== Data under study
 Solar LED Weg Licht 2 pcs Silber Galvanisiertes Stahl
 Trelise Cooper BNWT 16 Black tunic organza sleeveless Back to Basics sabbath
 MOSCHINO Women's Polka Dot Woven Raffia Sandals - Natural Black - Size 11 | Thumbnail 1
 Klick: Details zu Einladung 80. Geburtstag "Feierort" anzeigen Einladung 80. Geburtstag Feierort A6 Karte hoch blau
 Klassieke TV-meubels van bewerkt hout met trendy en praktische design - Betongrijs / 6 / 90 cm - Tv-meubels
====
== Data under study
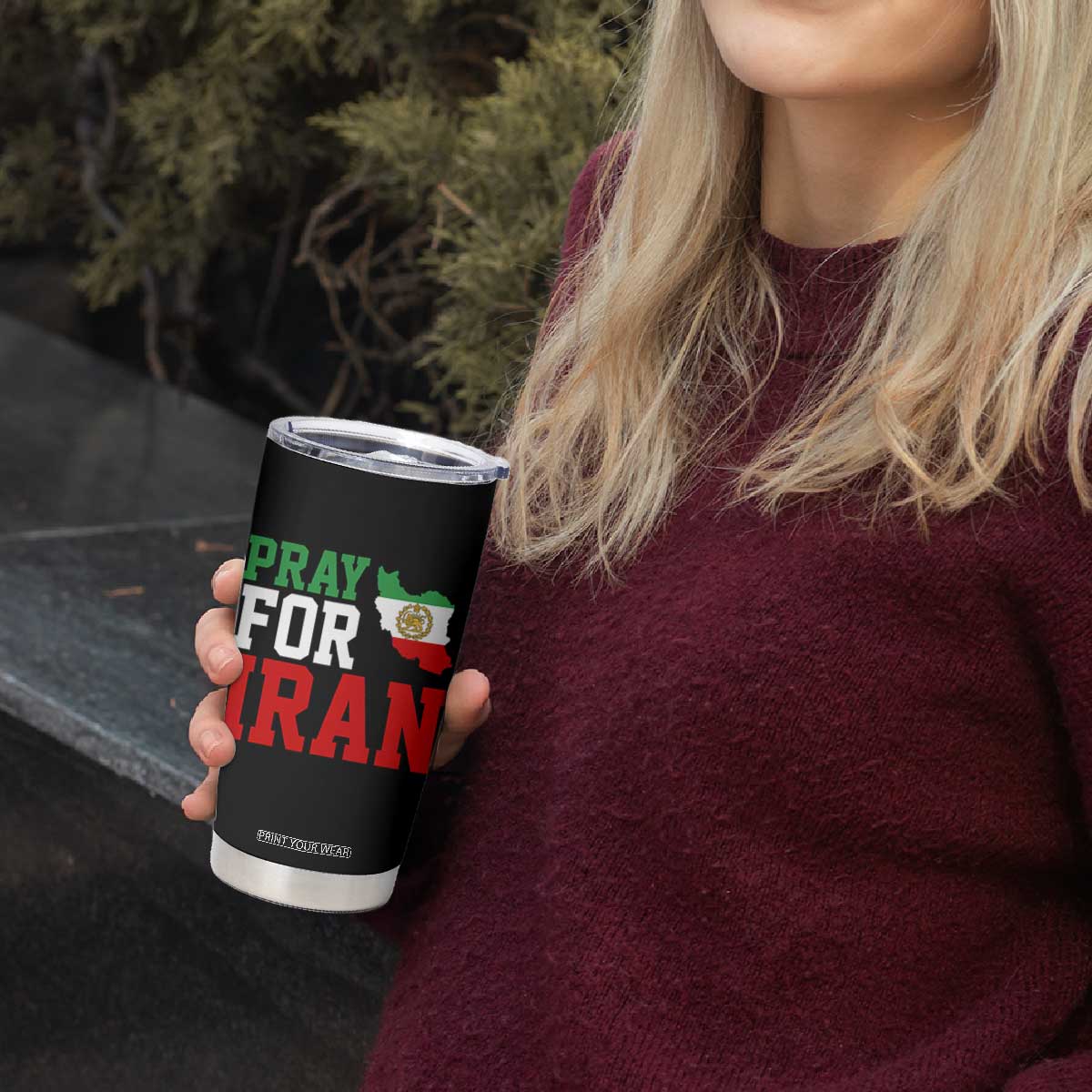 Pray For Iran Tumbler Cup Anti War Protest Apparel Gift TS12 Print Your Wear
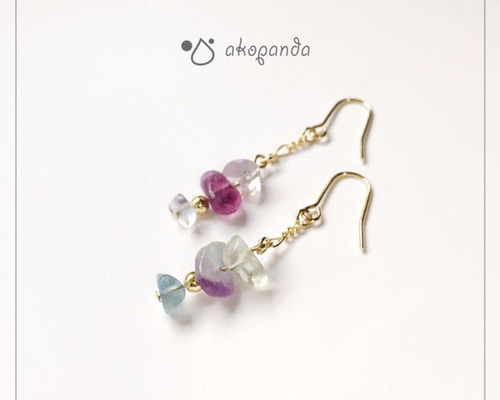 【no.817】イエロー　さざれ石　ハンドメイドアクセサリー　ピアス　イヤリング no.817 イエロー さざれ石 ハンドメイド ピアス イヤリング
====
== Data under study
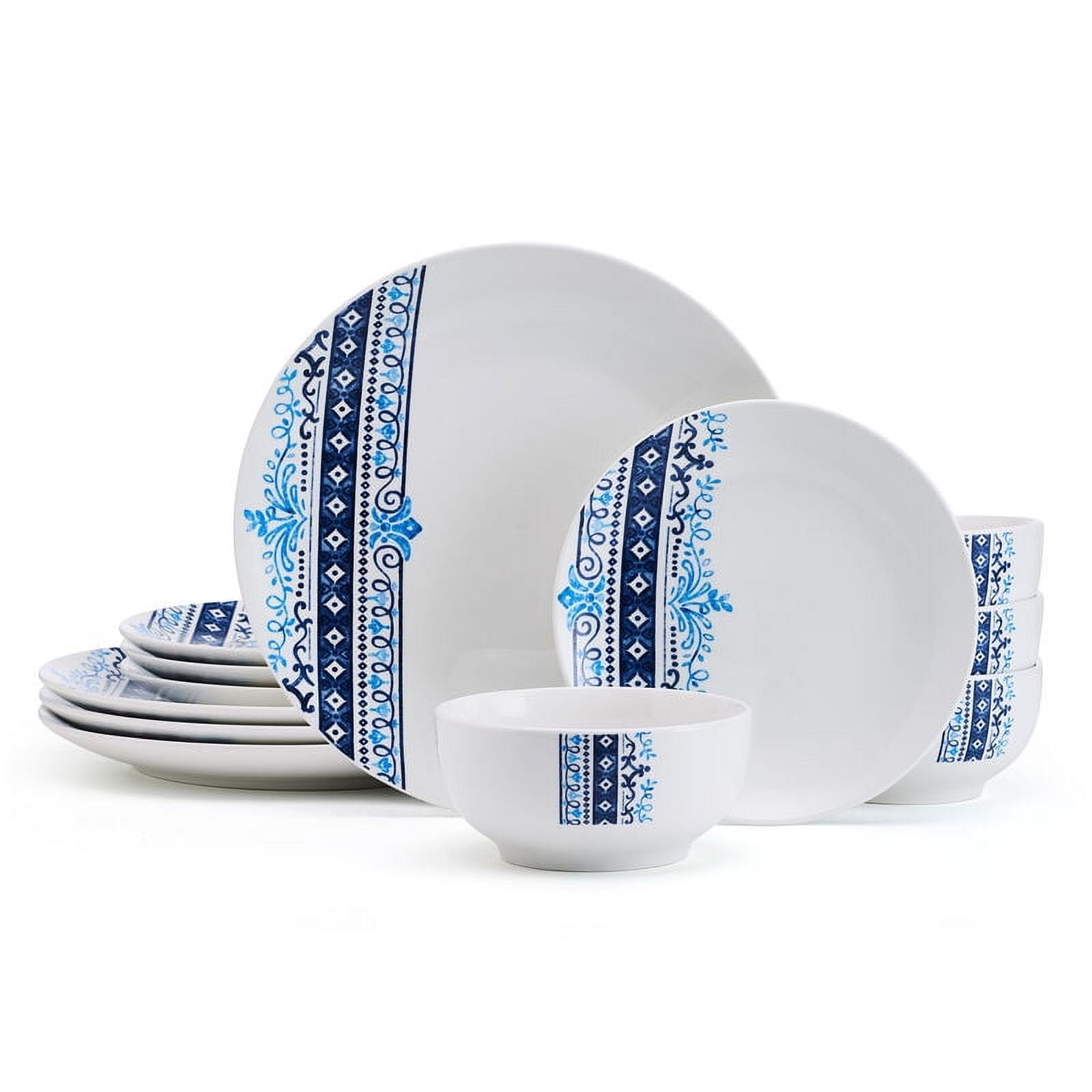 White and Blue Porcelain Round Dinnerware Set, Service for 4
====
- Aim of the task: The total, and only the total: count the lines above that contain "Black".

- Task solution: 2